No, you don’t have to keep all the frames in your house (or even on one wall) the same style and color. Thanks to the gallery wall trend and the increasing eclecticism in home décor, a mishmash of materials and styles—white, golden, metal, straight or curvy wood—denotes a collection amassed over time (and might mask the fact that all the frames came from Target). In general, metal or plastic composites are cheaper; wood, particularly intricate or carved styles, can cost hundreds of dollars.

Choosing a frame style is a personal matter, but it should cue off the art, if possible. “A lighter-feeling piece, like a delicate work on paper, might just get a slim frame, whereas a chunky abstract painting probably needs a frame with more heft,” says Marvin.

Glass vs. Plexiglass vs. Nothing

If you’re framing an oil or acrylic painting, keep its surface uncovered and frame it without a glass or plexiglass front. That’s because the surface is durable and will show off the artist’s brushwork. But a watercolor needs a mat to protect it from smudging and wrinkling, and a glass or plexiglass front to protect it from dust, sunlight, and little fingers. A clear front also helps keep a work from warping and, frankly, helps it look important. Glass used to be the standard material, but it’s heavy and can break. “Many of my colleagues in San Francisco won’t even use it, because of earthquakes,” says Klostermeyer.

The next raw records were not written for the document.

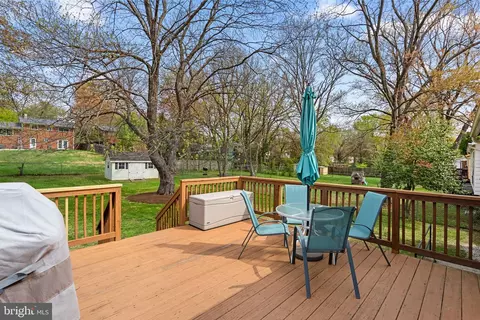 Exterior - 9817 Cherry Tree Ln, Silver Spring, MD 20901 photo 4 of 7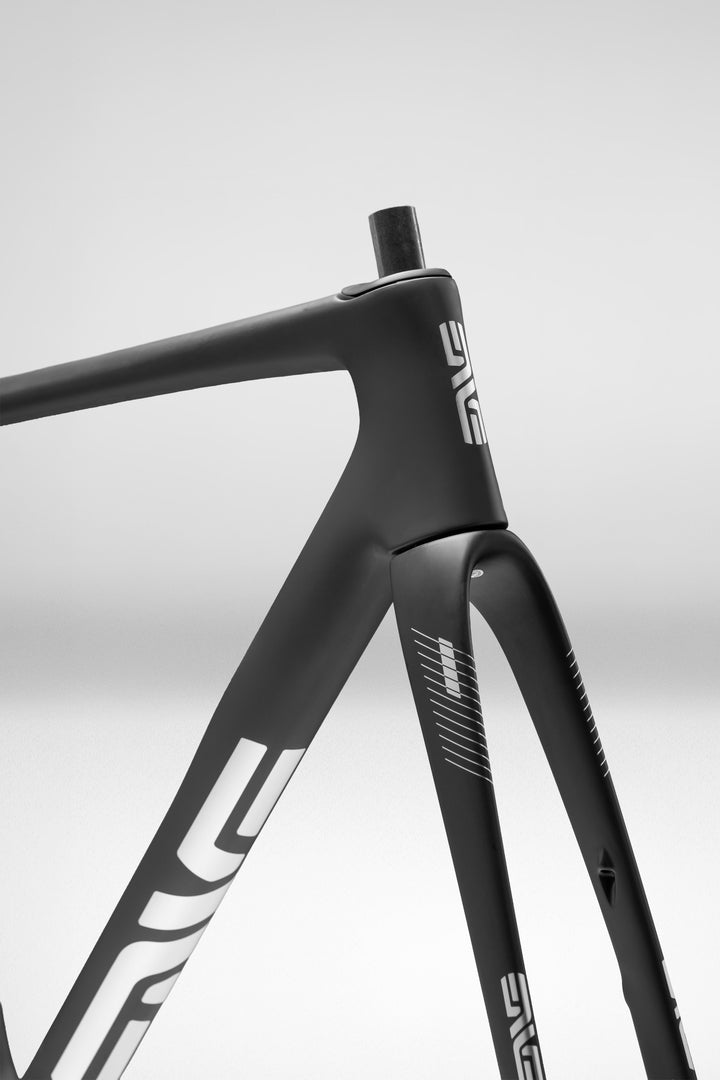 ENVE Melee V2 Rahmenset | ENVE M.O.D. Carbon | UL Black / White Lightning | 2027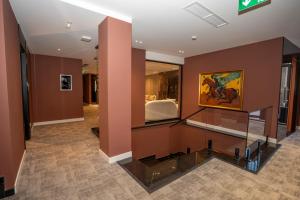 Telewizja i/lub zestaw kina domowego w obiekcie Hotel Consul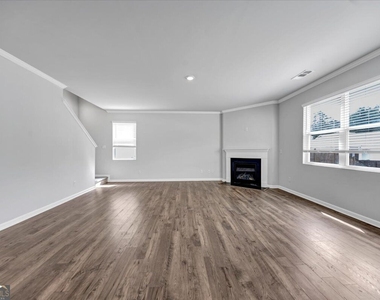 167 Fernbrook Trail - Photo Thumbnail 11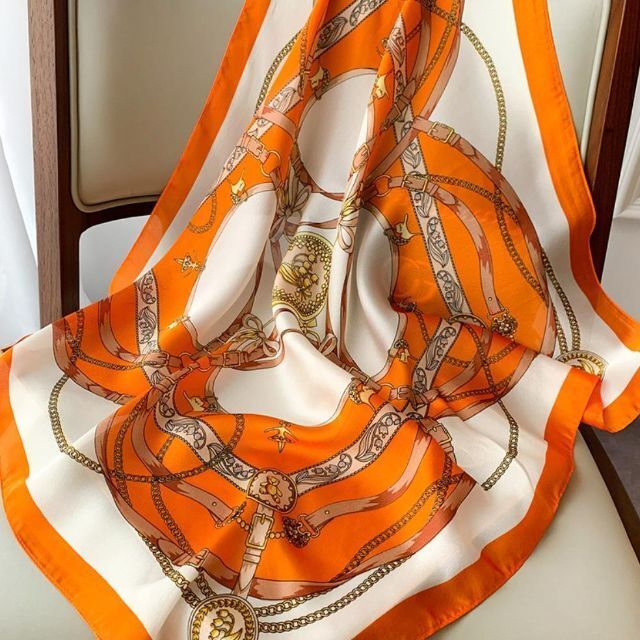 オレンジ チェーン スカーフ バンダナ 爽やか 上品 オールシーズン レディースのファッション小物(ストール/パシュミナ)の商品写真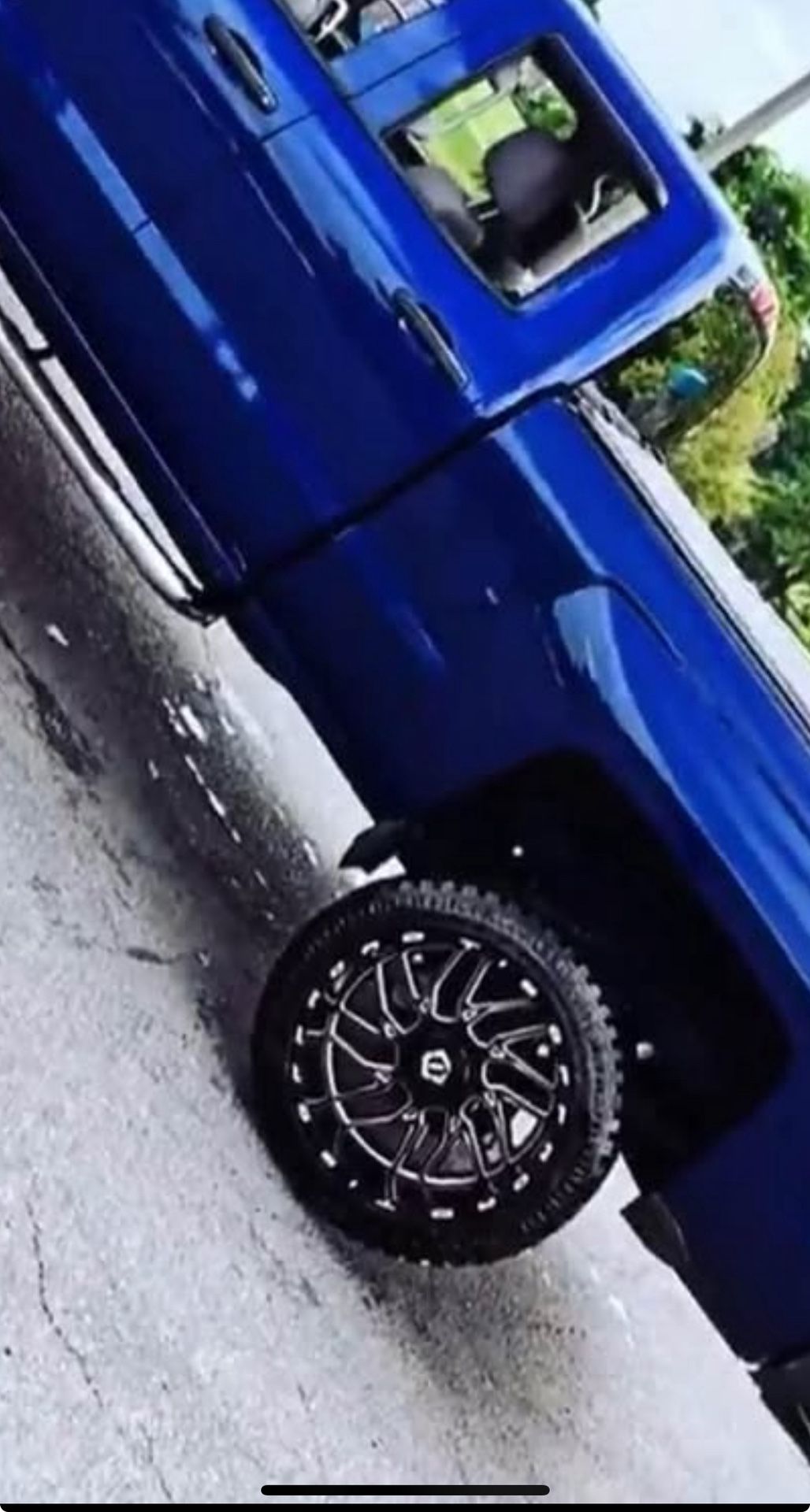 22” TIS Rims w 35” Nitto Tires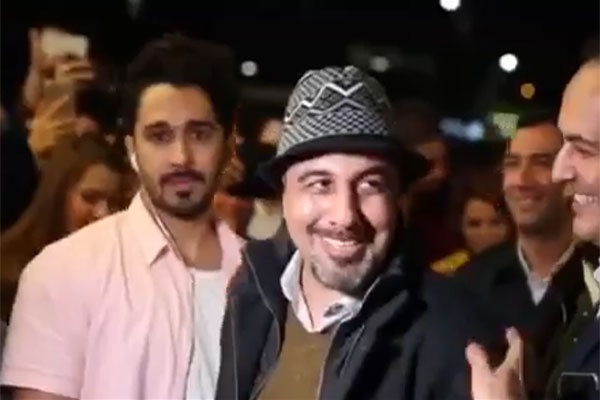 فیلم |  استقبال ایرانیان منچستر از رضا عطاران و «دراکولا»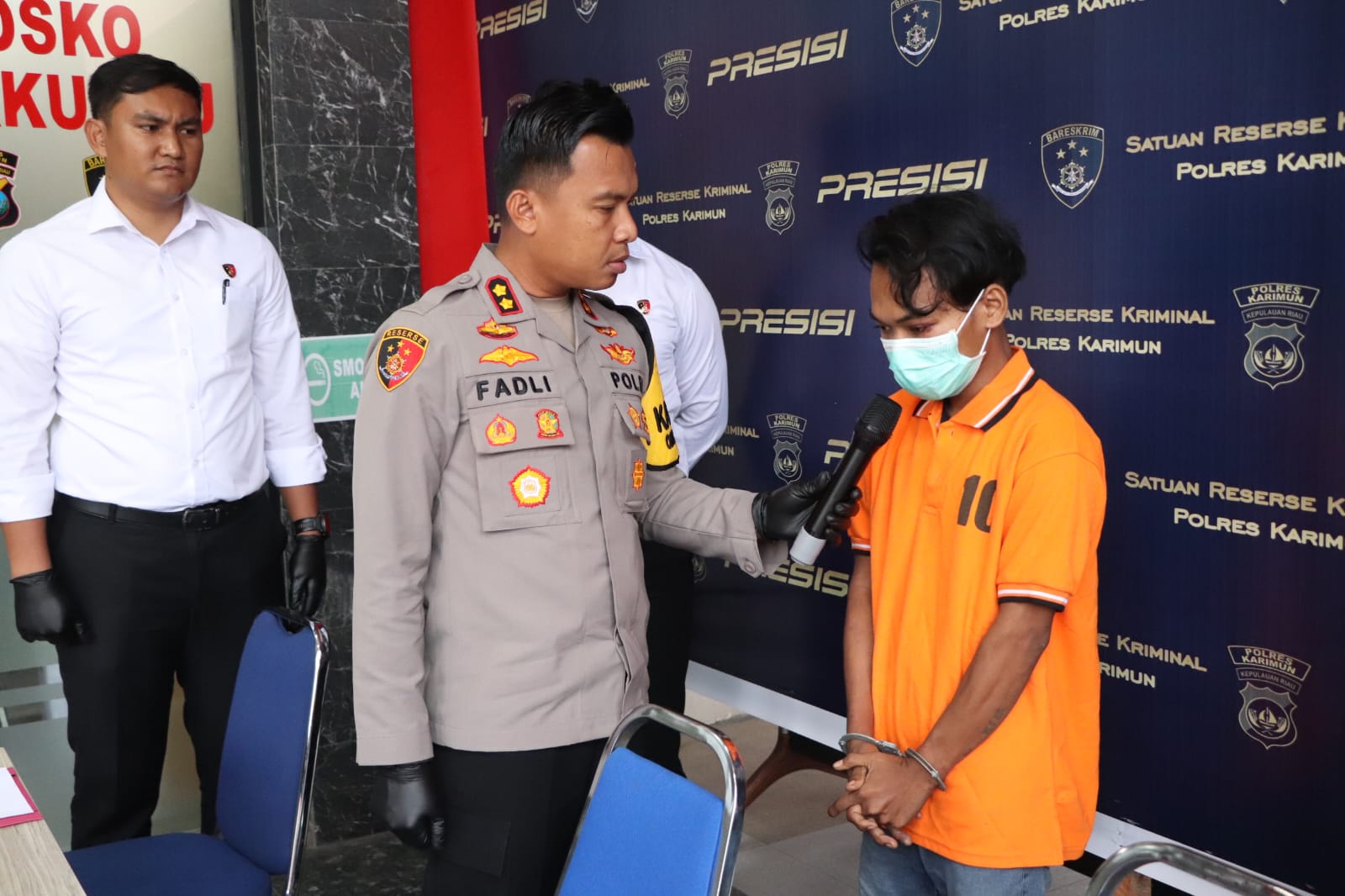 Satreskrim Polres Karimun berhasil mengungkap pelaku tindak pidana pencurian dengan pemberatan yakni Iphone 14 Promax dan Oppo A16.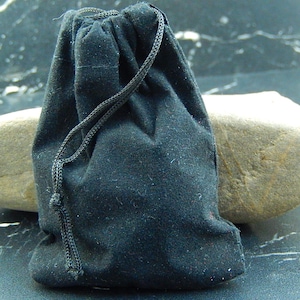 10 pochettes cadeaux en velour 7X9cm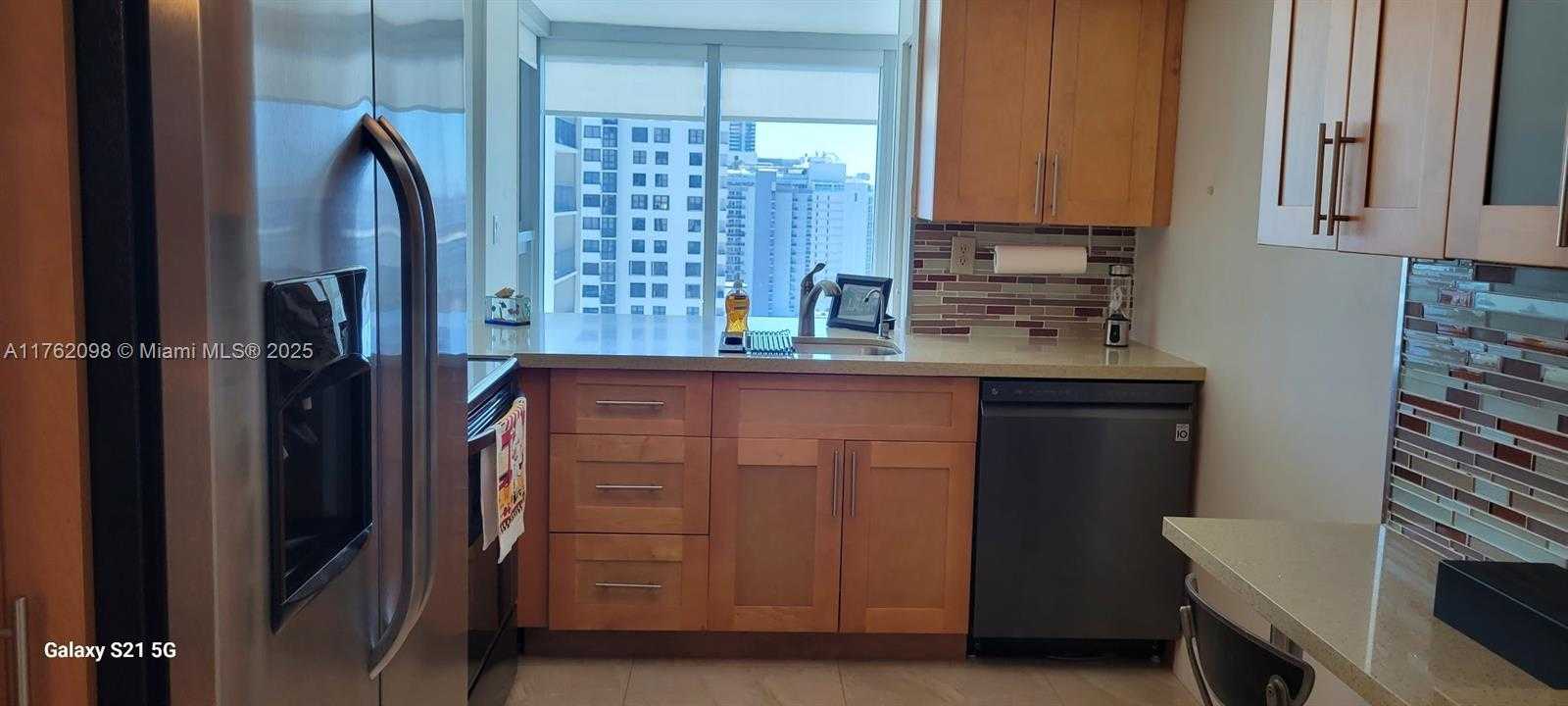 Small Image of 2655 COLLINS AVE #1906, Miami Beach Number 8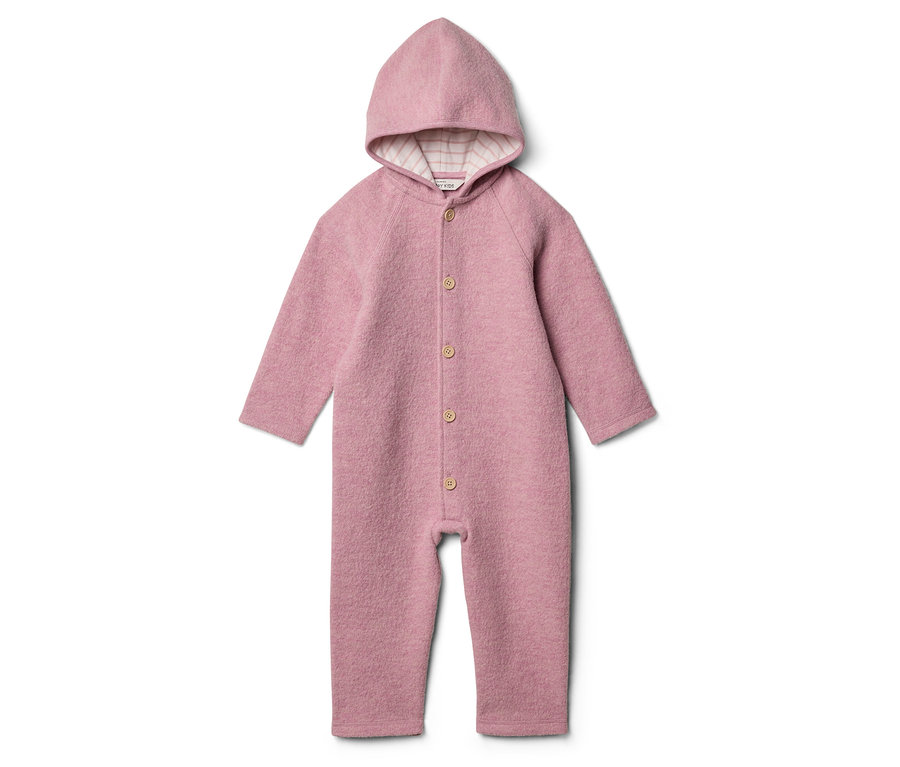Ein rosafarbener Baby-Overall mit Kapuze und Knöpfen liegt auf einem weißen Hintergrund.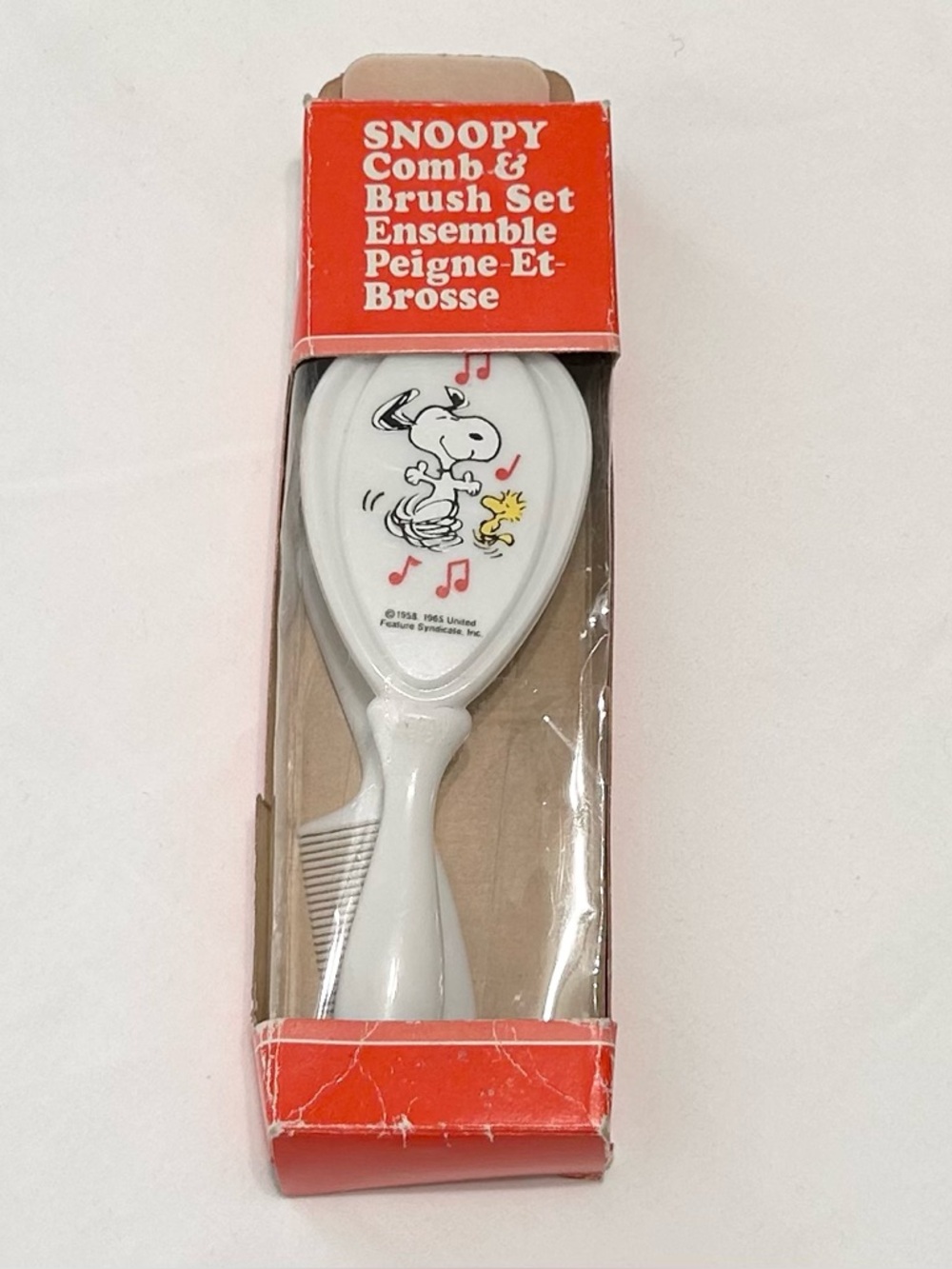 Vintage 60s Peanuts Snoopy Woodstock Comb Brush Set Chantex Inc with Box Rare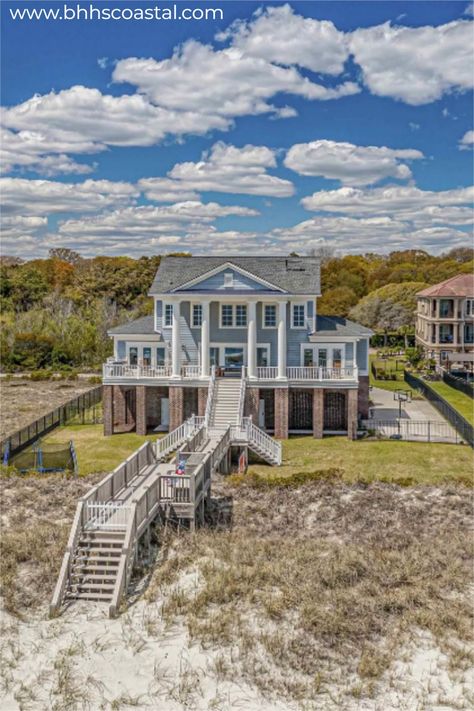 Beachfront House Ocean Views, Ocean Forest, Ocean Front Homes, Ocean Front Property, Beachfront House, Ocean Blvd, Beachfront Home, House Dream, Forest Canopy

Both glass and plexi may filter out UV rays and reduce reflective glare. And there’s a wide range of glazing for both plexi and glass, ranging from simple UV protection to what pros call “museum glass” that blocks nearly all light and glare.

For our money and trouble, plexiglass is the way to go. It’s more expensive than glass and more prone to scratches, but it’s a lot lighter and not fragile, making it easier to hang.